Reconnaître la place particulière que l’islam occupe au sein de l’Etat en Indonésie est un point essentiel pour l’avenir de la démocratie dans ce pays. La plupart des Indonésiens musulmans souhaitent que l’Etat respecte les traditions islamiques sans pour autant vouloir la création d’un régime islamique ; la frontière entre soutien et opposition à la loi islamique est par conséquent souvent floue.

De nombreux Indonésiens, notamment les musulmans non pratiquants, croient en un système de valeurs conservateurs et sont partisans de règles morales strictes qu’ils ne considèrent pas forcément comme purement religieuses, fondées sur la charia ou sur des principes islamiques. De ce fait, on peut facilement croire par erreur qu’adhérer à ces règles morales conservatrices c’est soutenir un islam politique, alors qu’il s’agit tout simplement d’avoir des valeurs morales strictes.

Il en va de même pour le rejet, de la part de nombreux musulmans indonésiens, de certaines conventions et normes sociales généralement associées aux valeurs démocratiques occidentales, notamment en ce qui concerne le pluralisme et la laïcité tels que nous l’entendons. Or cela ne fait pas non plus des Indonésiens musulmans des théocrates ou des antidémocrates.
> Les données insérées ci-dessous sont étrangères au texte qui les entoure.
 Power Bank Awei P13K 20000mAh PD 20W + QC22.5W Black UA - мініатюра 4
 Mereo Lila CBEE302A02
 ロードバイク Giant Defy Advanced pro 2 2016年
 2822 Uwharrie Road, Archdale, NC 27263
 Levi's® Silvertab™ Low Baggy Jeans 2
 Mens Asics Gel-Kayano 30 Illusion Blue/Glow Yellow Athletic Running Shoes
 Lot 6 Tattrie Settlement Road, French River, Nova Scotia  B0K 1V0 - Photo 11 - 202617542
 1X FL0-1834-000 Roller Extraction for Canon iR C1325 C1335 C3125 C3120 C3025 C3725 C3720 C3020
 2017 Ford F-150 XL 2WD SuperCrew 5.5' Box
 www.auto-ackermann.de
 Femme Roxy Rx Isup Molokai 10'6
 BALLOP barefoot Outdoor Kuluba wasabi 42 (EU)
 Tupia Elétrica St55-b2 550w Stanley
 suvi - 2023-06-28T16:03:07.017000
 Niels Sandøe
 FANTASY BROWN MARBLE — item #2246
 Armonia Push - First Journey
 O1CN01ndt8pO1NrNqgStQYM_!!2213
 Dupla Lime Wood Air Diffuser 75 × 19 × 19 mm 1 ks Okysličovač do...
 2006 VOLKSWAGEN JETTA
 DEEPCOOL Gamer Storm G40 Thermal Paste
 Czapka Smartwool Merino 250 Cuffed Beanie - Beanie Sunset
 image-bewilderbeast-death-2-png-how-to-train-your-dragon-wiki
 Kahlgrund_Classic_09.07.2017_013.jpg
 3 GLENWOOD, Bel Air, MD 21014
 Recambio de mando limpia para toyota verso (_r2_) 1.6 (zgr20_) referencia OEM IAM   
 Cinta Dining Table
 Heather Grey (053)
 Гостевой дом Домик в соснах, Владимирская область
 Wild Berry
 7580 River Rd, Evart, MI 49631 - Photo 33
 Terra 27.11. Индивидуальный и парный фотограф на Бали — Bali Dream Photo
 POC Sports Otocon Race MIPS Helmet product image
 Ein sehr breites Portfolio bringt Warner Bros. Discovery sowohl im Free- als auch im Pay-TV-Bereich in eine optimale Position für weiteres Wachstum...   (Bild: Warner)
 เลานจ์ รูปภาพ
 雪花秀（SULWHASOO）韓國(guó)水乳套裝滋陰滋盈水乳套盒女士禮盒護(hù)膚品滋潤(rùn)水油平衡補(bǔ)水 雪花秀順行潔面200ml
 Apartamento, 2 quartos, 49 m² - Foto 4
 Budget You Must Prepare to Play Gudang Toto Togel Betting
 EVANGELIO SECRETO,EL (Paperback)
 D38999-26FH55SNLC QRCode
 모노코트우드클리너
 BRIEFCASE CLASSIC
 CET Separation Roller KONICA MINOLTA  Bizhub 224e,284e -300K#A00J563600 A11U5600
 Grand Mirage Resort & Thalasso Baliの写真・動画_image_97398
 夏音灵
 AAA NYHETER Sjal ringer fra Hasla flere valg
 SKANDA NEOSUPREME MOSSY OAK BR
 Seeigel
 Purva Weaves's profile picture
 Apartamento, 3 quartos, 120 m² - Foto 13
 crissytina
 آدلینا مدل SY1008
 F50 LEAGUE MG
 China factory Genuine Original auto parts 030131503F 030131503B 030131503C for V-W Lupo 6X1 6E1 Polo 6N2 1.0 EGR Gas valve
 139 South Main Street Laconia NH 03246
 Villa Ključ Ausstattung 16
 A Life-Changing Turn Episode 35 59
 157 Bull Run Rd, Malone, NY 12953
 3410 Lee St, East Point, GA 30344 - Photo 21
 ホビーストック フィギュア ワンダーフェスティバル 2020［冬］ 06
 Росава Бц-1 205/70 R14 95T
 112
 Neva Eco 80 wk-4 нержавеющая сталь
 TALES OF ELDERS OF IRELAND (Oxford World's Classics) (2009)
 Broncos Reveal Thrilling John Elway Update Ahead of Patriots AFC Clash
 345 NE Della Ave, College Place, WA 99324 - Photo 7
Le débat politique se limite souvent à opposer islamistes et non-islamistes, or le problème est bien plus subtil et pour qu’il puisse y avoir une négociation démocratique, tous les partis devront reconnaître ce fait afin de parvenir à un terrain d’entente.

A ce propos, le docteur Ahmad Shboul, président de la Faculté des études arabes et islamiques à l’Université de Sydney, nous rappelle que séparer la religion de l’Etat n’équivaut pas à faire table rase de cette première dans la société. Il ajoute que même les Etats les plus laïcs du monde occidental n’ont jamais voulu faire cela.

Selon Ahmad Shboul, les tentatives américaines de laïciser la politique dans le monde arabe auraient eu un effet inverse et aurait au contraire fait progresser l’islam politique. Les Occidentaux feraient mieux de se rappeler que la société démocratique ne revêt pas qu’une seule et unique forme.

En effet, nous ferions bien de nous rappeler que même en Occident, les notions de démocratie fluctuent et changent avec le temps.

En partenariat avec le CGNews

Comme le souligne Robert W. Hefner, professeur en anthropologie et directeur de l’Institute on Culture, Religion and World Affairs (CURA) de l’Université de Boston, si autrefois la famille était perçue comme le pilier de la culture occidentale, aujourd’hui, c’est souvent la liberté individuelle qui prime sur l’unité familiale. De plus, la notion même de famille a pris un tout autre sens, du fait que pour les Américains il existe toute une variété de possibilités, comme le concubinage, le mariage civil et le mariage homosexuel.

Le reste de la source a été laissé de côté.